** SOURCE MATERIAL follows **

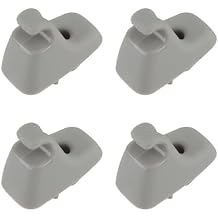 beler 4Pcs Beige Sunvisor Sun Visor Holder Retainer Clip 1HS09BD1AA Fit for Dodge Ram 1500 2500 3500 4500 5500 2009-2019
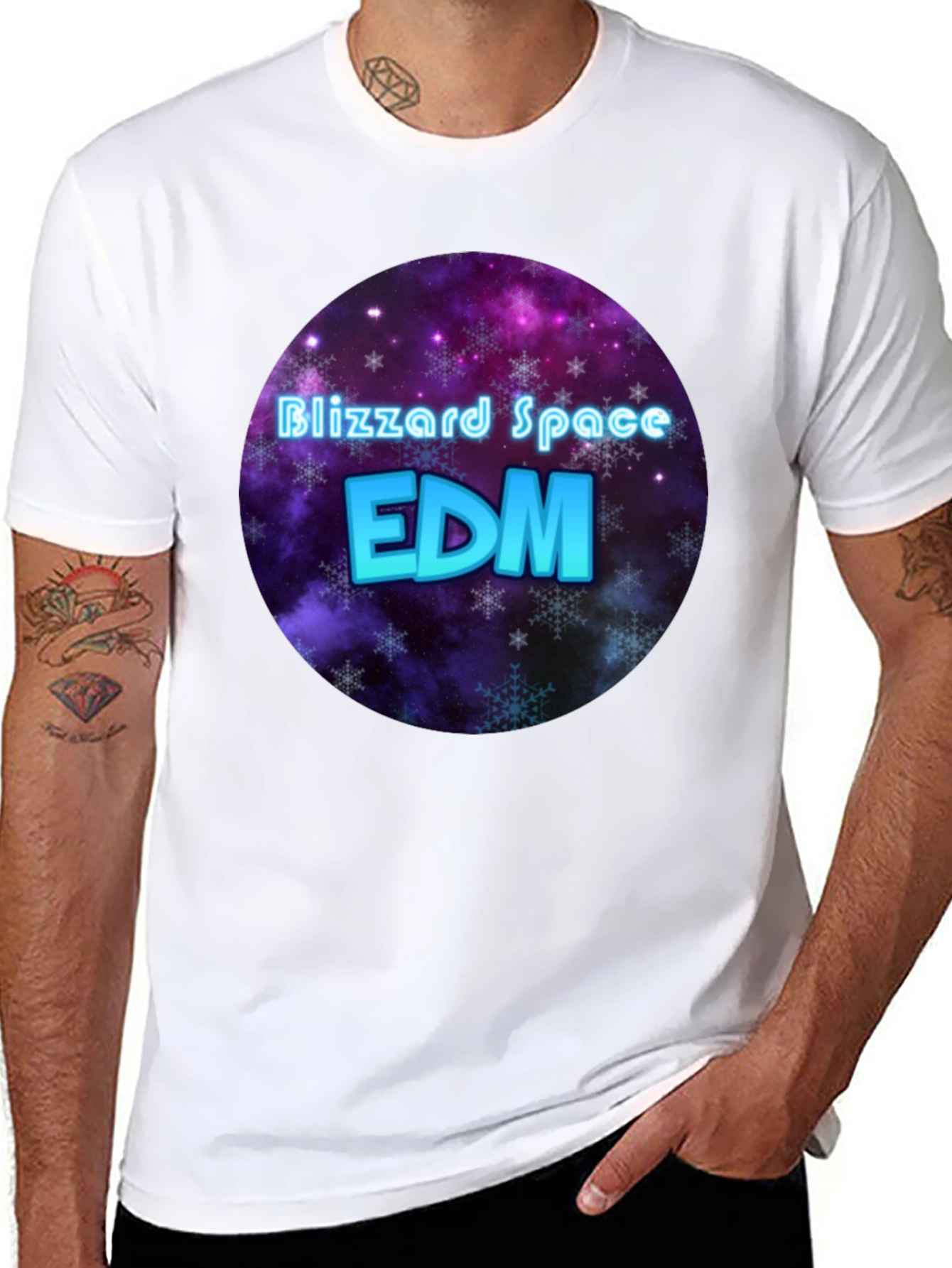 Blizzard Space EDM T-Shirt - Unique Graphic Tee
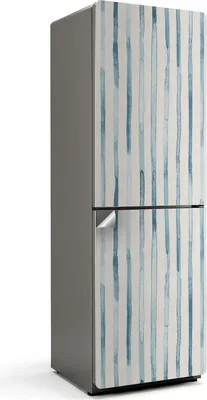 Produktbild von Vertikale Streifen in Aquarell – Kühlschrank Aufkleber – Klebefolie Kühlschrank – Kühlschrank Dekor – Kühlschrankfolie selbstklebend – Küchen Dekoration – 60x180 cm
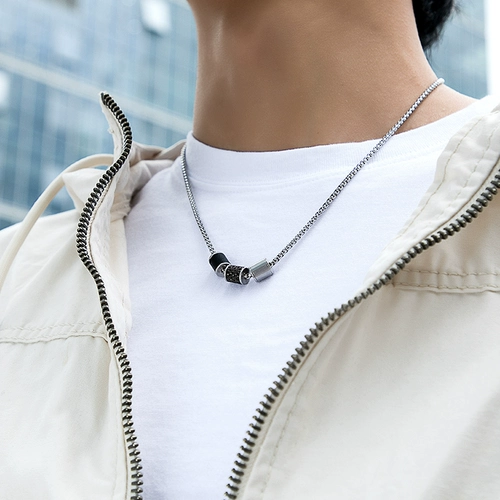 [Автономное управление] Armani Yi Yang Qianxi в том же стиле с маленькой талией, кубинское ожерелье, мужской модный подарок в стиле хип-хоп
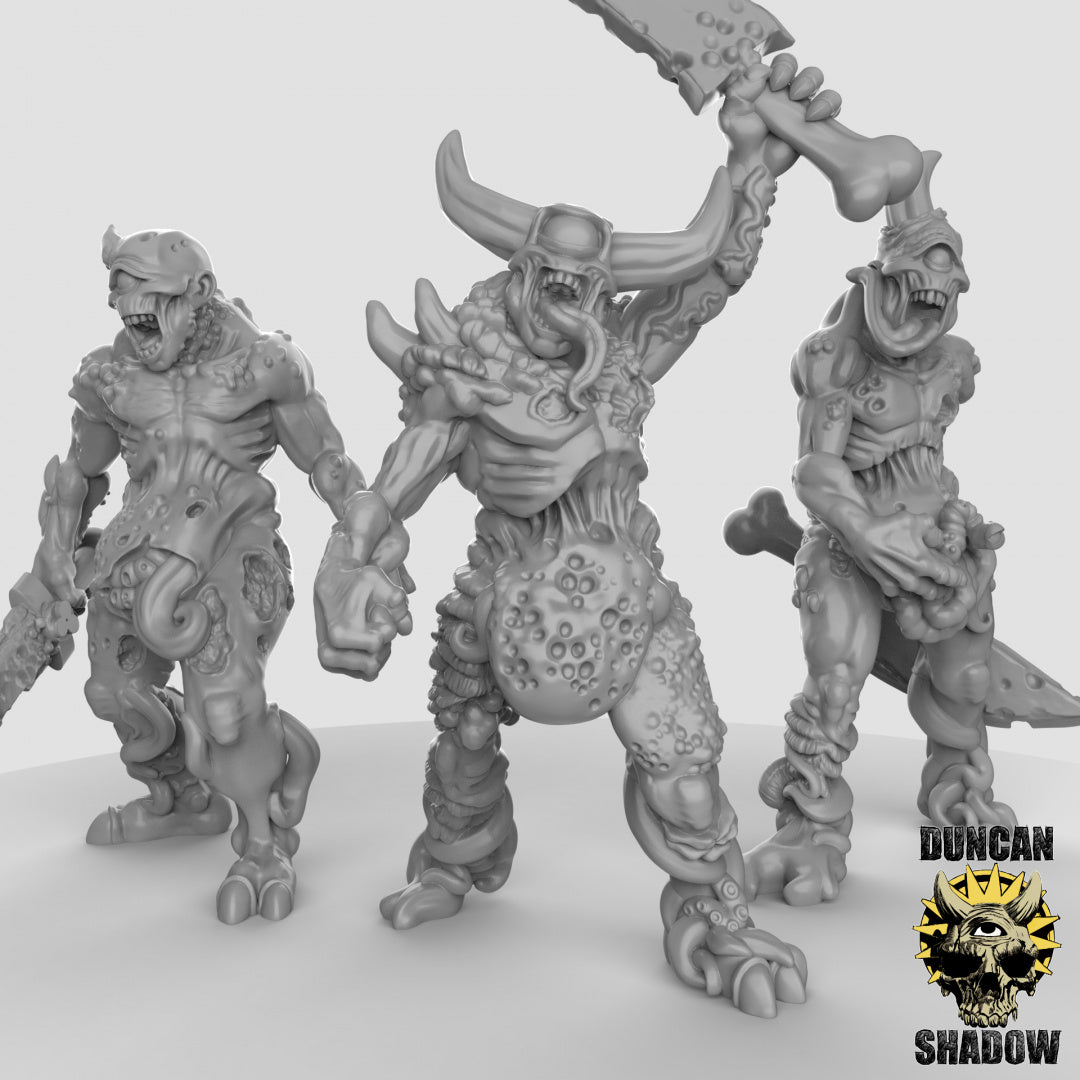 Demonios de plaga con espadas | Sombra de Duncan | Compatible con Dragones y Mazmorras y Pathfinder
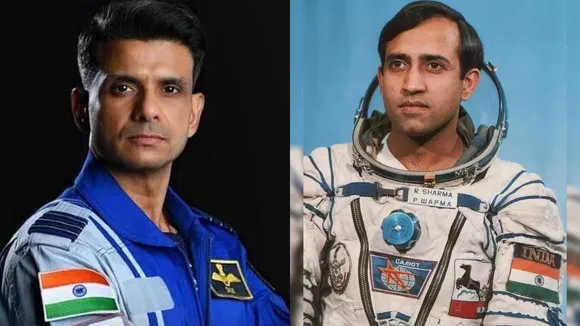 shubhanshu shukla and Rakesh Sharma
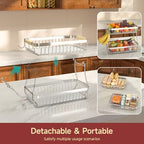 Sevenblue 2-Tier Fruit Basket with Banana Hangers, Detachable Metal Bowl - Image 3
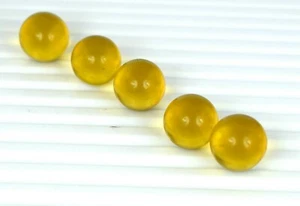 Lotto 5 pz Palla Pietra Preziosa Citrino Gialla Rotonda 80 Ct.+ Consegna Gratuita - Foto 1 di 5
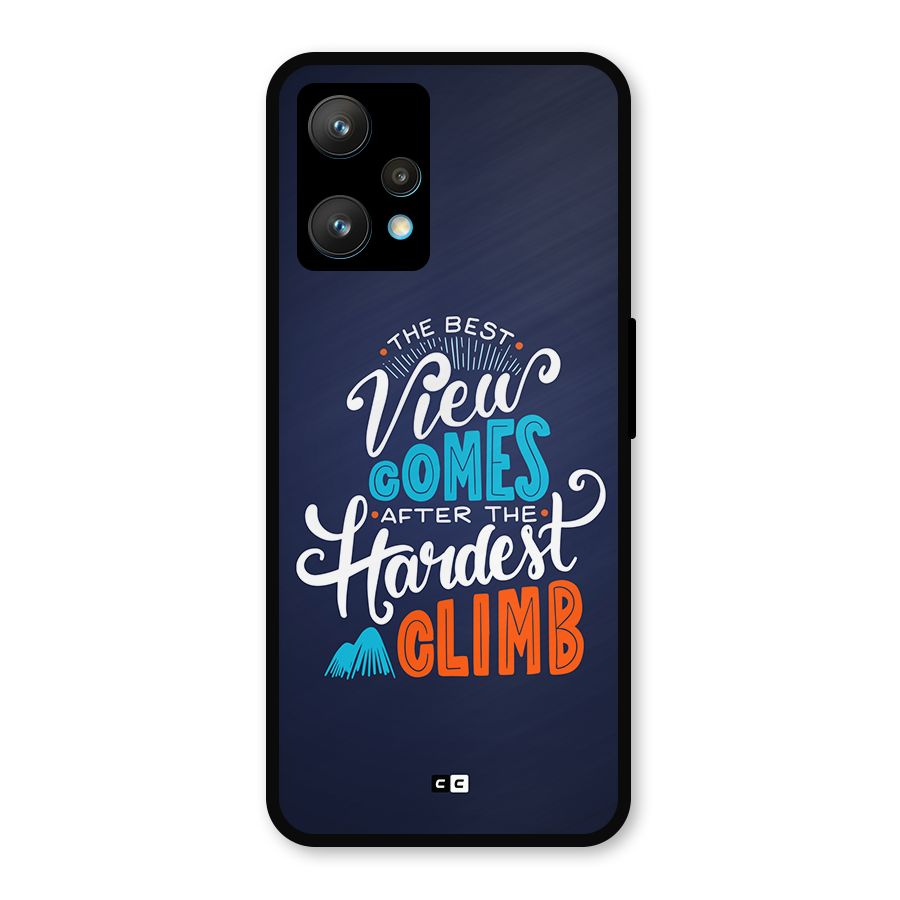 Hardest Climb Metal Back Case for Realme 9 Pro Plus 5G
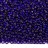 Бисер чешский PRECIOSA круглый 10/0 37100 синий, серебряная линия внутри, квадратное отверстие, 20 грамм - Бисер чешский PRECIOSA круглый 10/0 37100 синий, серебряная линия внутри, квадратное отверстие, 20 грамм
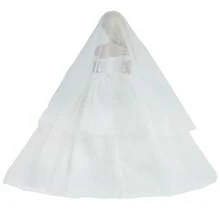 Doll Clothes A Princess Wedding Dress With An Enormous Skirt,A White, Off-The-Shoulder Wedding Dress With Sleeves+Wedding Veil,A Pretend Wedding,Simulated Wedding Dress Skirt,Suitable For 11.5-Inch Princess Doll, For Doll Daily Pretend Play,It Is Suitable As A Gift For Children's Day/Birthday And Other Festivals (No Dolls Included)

** End of SOURCE MATERIAL **

### WHAT IS NEEDED
Nothing but the lines from the one containing "Blizzard Space EDM" through the final line of the records, both included and copied exactly, should appear in the answer; pictures stay out.

### SOLUTION TO THE PROBLEM
 Blizzard Space EDM T-Shirt - Unique Graphic Tee
 Produktbild von Vertikale Streifen in Aquarell – Kühlschrank Aufkleber – Klebefolie Kühlschrank – Kühlschrank Dekor – Kühlschrankfolie selbstklebend – Küchen Dekoration – 60x180 cm
 [Автономное управление] Armani Yi Yang Qianxi в том же стиле с маленькой талией, кубинское ожерелье, мужской модный подарок в стиле хип-хоп
 Demonios de plaga con espadas | Sombra de Duncan | Compatible con Dragones y Mazmorras y Pathfinder
 shubhanshu shukla and Rakesh Sharma
 Sevenblue 2-Tier Fruit Basket with Banana Hangers, Detachable Metal Bowl - Image 3
 Lotto 5 pz Palla Pietra Preziosa Citrino Gialla Rotonda 80 Ct.+ Consegna Gratuita - Foto 1 di 5
 Hardest Climb Metal Back Case for Realme 9 Pro Plus 5G
 Бисер чешский PRECIOSA круглый 10/0 37100 синий, серебряная линия внутри, квадратное отверстие, 20 грамм - Бисер чешский PRECIOSA круглый 10/0 37100 синий, серебряная линия внутри, квадратное отверстие, 20 грамм
 Doll Clothes A Princess Wedding Dress With An Enormous Skirt,A White, Off-The-Shoulder Wedding Dress With Sleeves+Wedding Veil,A Pretend Wedding,Simulated Wedding Dress Skirt,Suitable For 11.5-Inch Princess Doll, For Doll Daily Pretend Play,It Is Suitable As A Gift For Children's Day/Birthday And Other Festivals (No Dolls Included)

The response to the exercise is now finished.